The reply should repeat all of the data word for word, with no pictures.

**** Data block ****

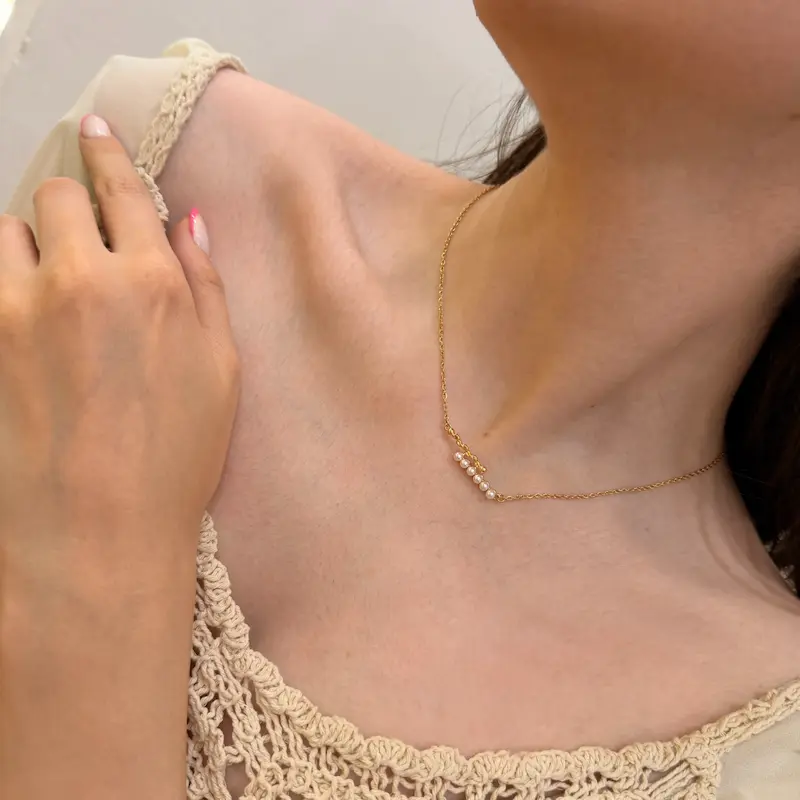 گردنبند طلایی مروارید کد GA00196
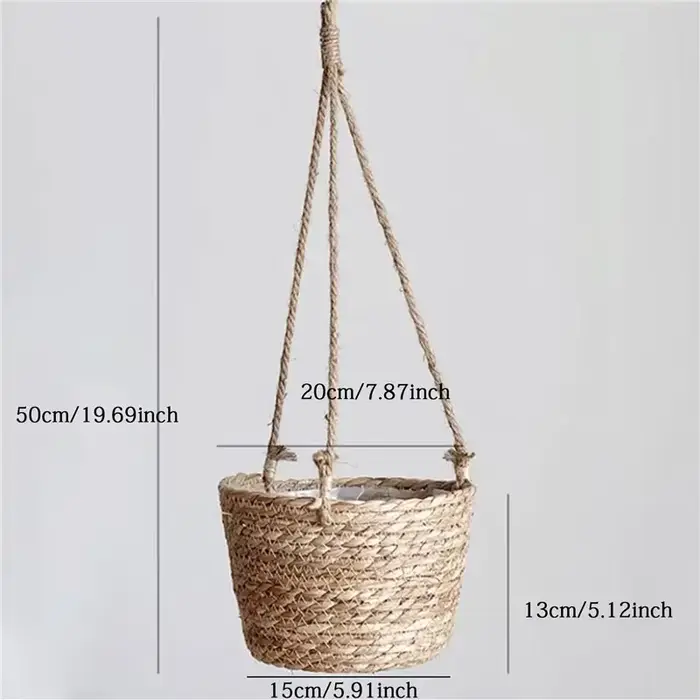 Jardinière suspendue en macramé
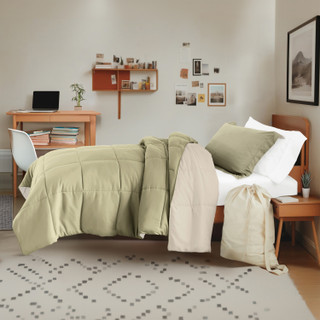 Thumbnail 5: IENJOY HOME IENJOY HOME 8 Piece Solid Comforter Dorm Set Bundle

****

**Answer to this task:**
 گردنبند طلایی مروارید کد GA00196
 Jardinière suspendue en macramé
 Thumbnail 5: IENJOY HOME IENJOY HOME 8 Piece Solid Comforter Dorm Set Bundle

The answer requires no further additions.